You'll also need to obtain access to the meta-llama/Llama-2-7b-chat-hf
model on Hugging Face. If you haven't already, you'll need to create an account on Hugging Face and follow the instructions on the model's page. Then, you'll need an HF access token for your account, which you can generate from this page.
- Install Terraform
- Run
pip install -r requirements.txt
- Install the AWS CLI and configure it with your credentials
terraform apply -var "public_key=$(cat $path_to_your_id_rsa_dot_pub_or_equivalent)"

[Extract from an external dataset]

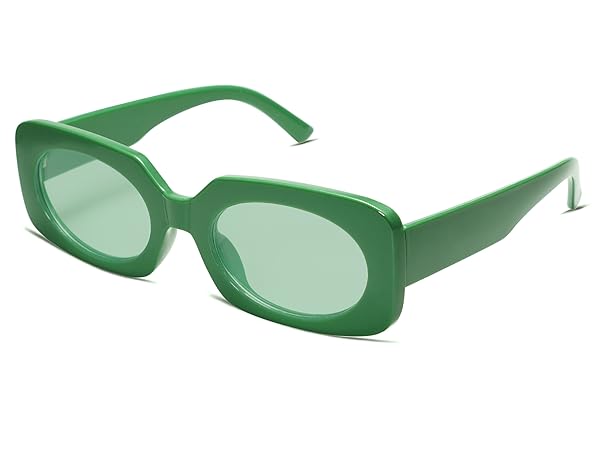 green sunglasses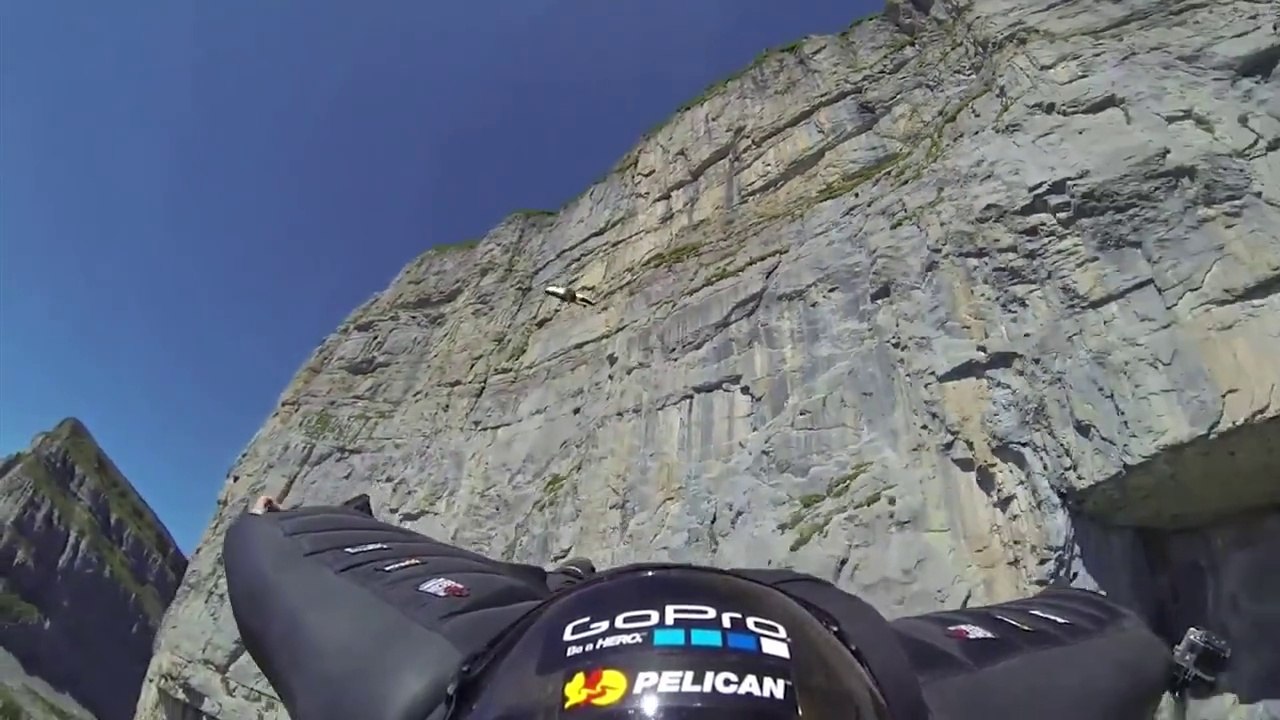 Wingsuit - Hommage à Jhonathan Florez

First, wait 80 seconds or so for the instances to be ready.
$ sleep 80
Then, run the script that runs the benchmark:
$ python run.py --ssh-privkey-path $path_to_your_id_rsa_or_equivalent --hf-auth-token $your_hf_auth_token
After a while, after training runs are kicked off, you should see output like:
Node 0: Average step time ____ ms...
Node 0: Average step time ____ ms...
Node 0: Average step time ____ ms...
Node 0: Average step time ____ ms...
...
Make sure to tear down your Terraform stack once done, to avoid paying more than necessary for GPU instances.
$ terraform destroy -var "public_key="